RECORDS TO PROCESS section start

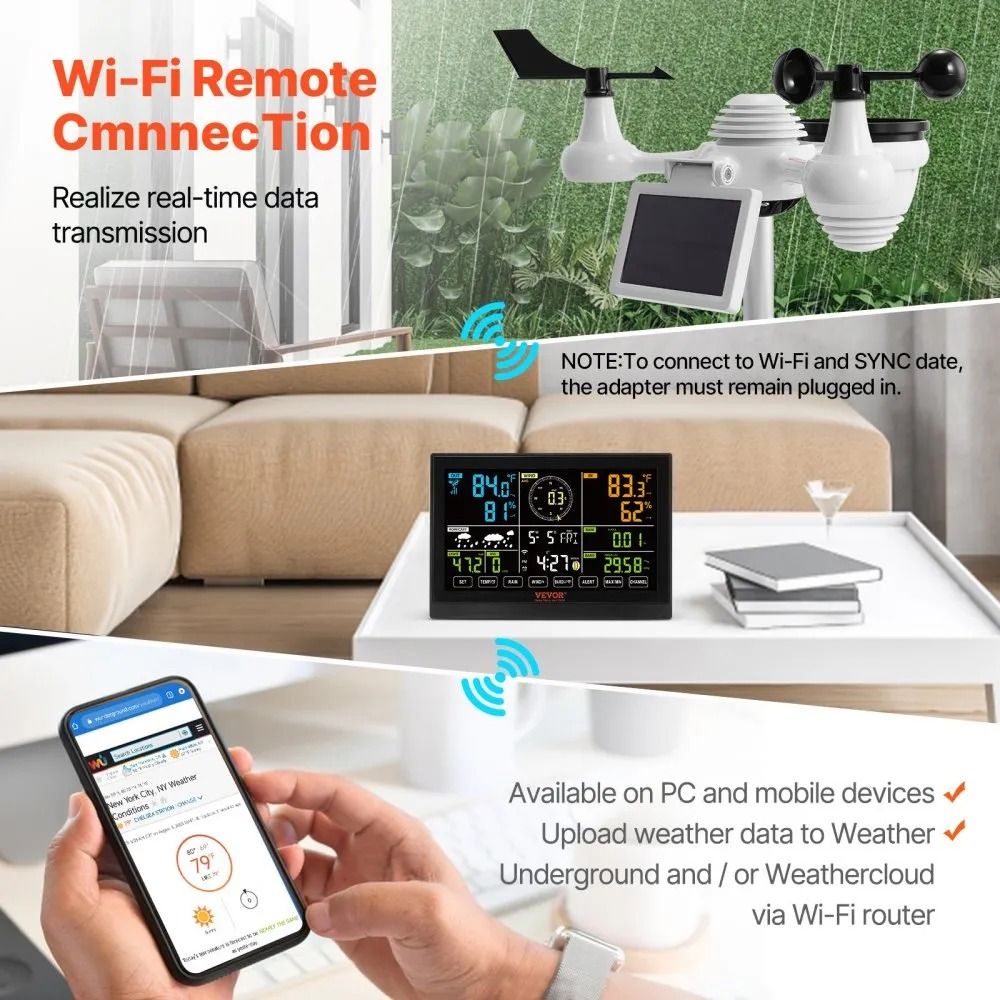 Home Weather Station Indoor Outdoor, Wi-Fi Weather Station, Color Display, Solar Wireless Outdoor Sensor, Alarm Alerts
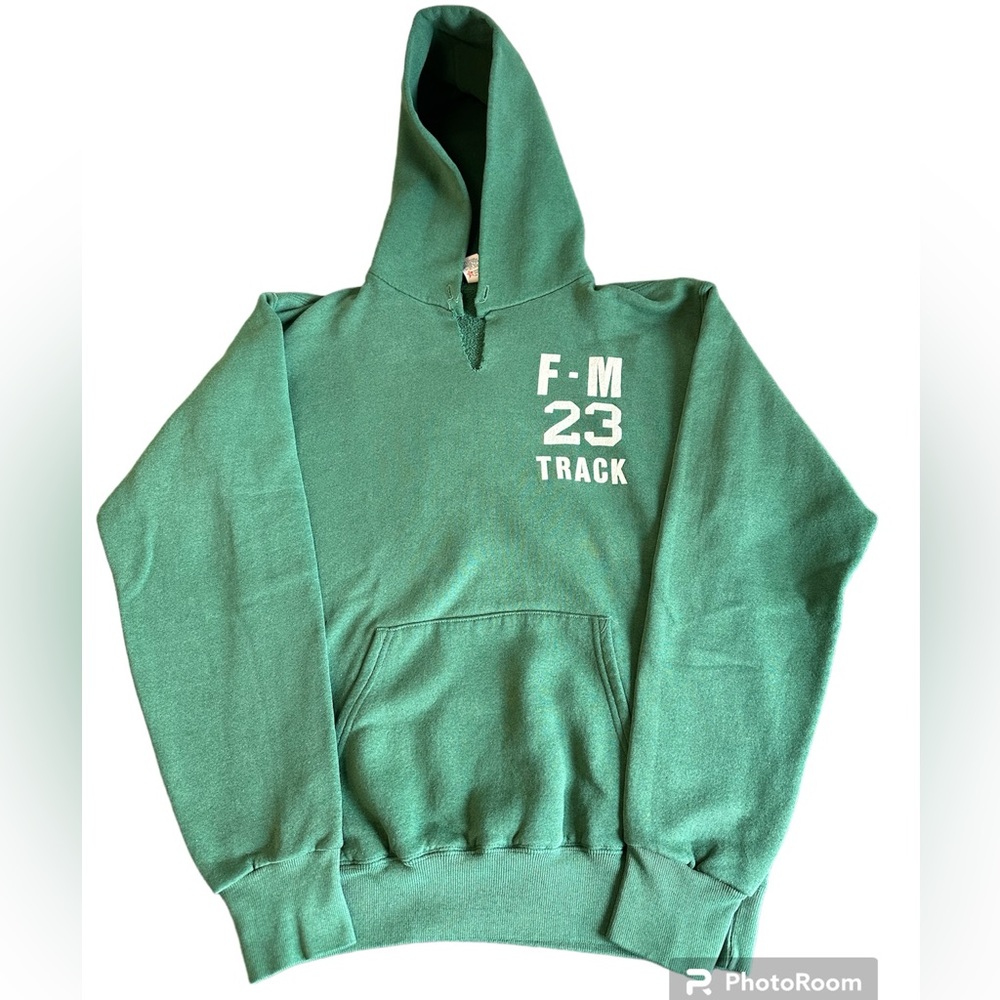 VINTAGE 80s Track & Field School Sweatshirt Hoodie USA Made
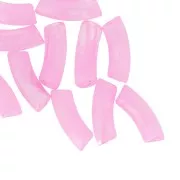 35x11mm Clear Acrylic  curved tube beads - Marbled Light Pink x6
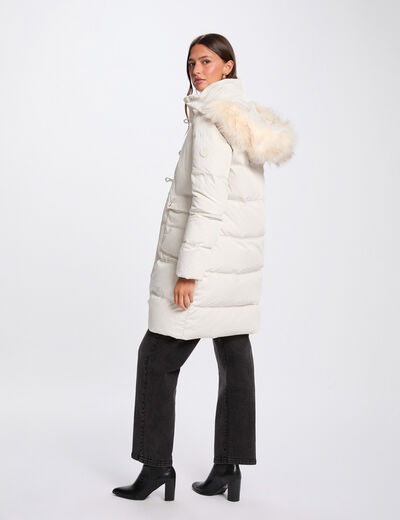 Doudoune longue capuche ivoire femme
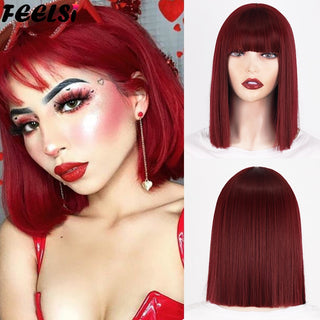 Short Bob Synthetic Wigs With Bangs for Women Wigs Blonde Black Blue fiber Natural Hair for Lolita Cosplay Party Daily Use ALODIA STORE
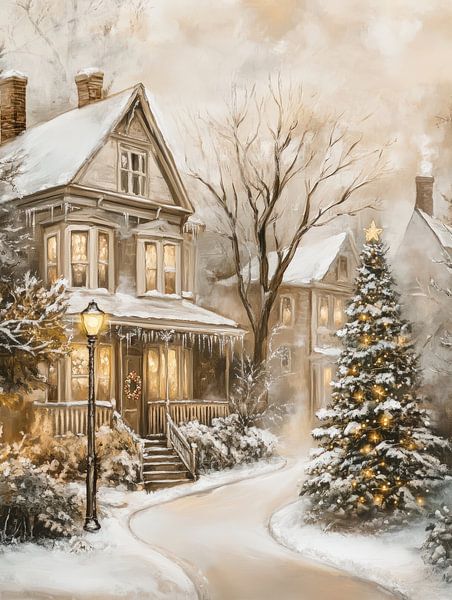 Snowy Victorian Village by Your unique art
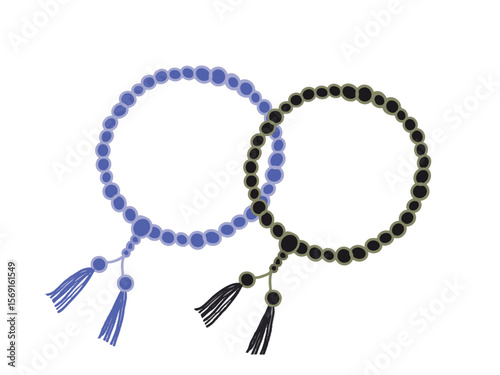 Illustration of black and blue prayer beads overlapping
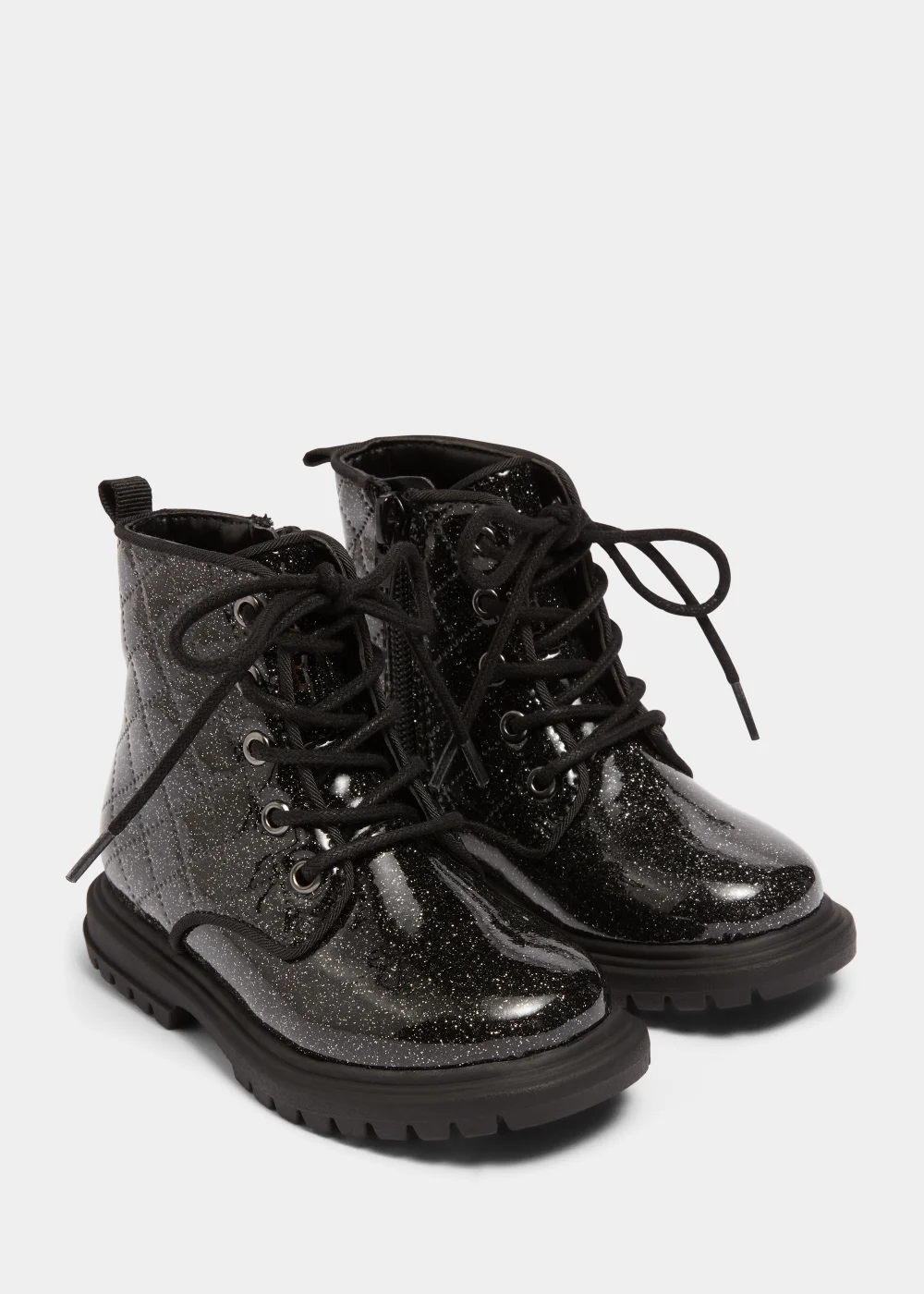 Girls Black Glitter Lace Up Boots (Younger 4-12yrs) - Size 4 Infants Image 1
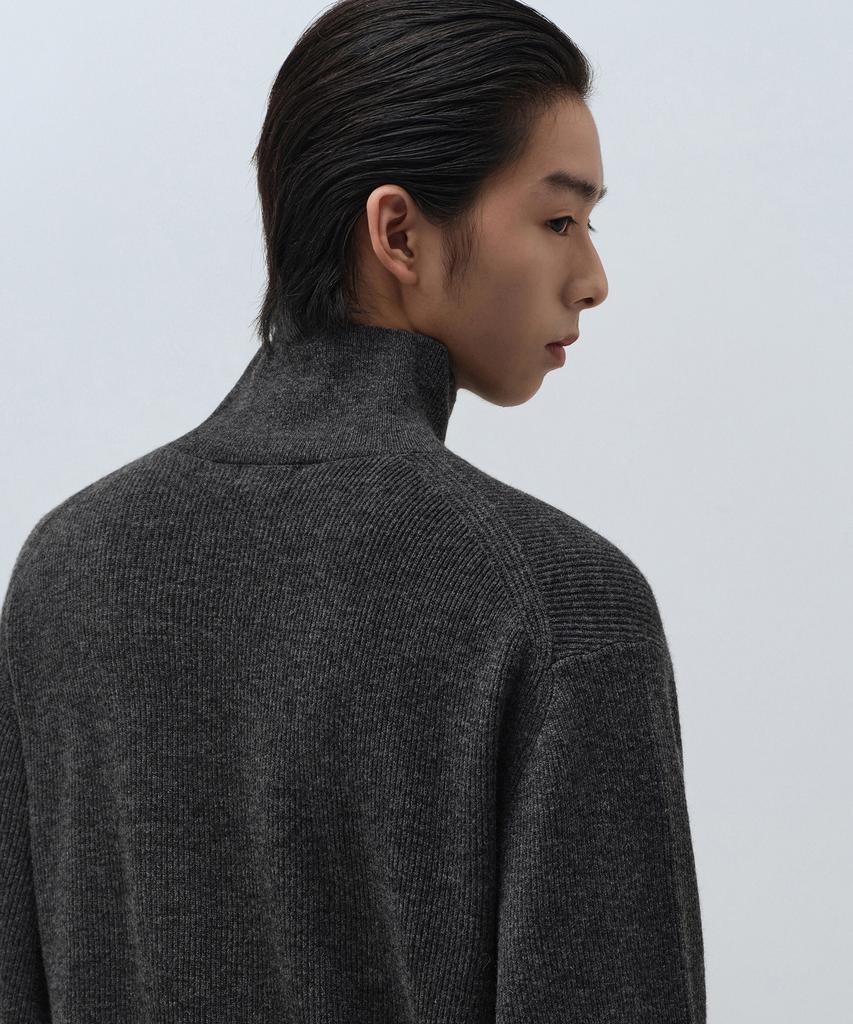 MUSINSA STANDARD [Victoria Wool] Minimal Ribbed Turtleneck Knit [Medium Grey]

RECORDS TO PROCESS section end

Reproduce, word for word, only the lines in the records above from the line with "35x11mm Clear Acrylic" through the line with "Illustration of black", including both ends; omit the pictures.

 35x11mm Clear Acrylic  curved tube beads - Marbled Light Pink x6
 Doudoune longue capuche ivoire femme
 Short Bob Synthetic Wigs With Bangs for Women Wigs Blonde Black Blue fiber Natural Hair for Lolita Cosplay Party Daily Use ALODIA STORE
 Snowy Victorian Village by Your unique art
 Illustration of black and blue prayer beads overlapping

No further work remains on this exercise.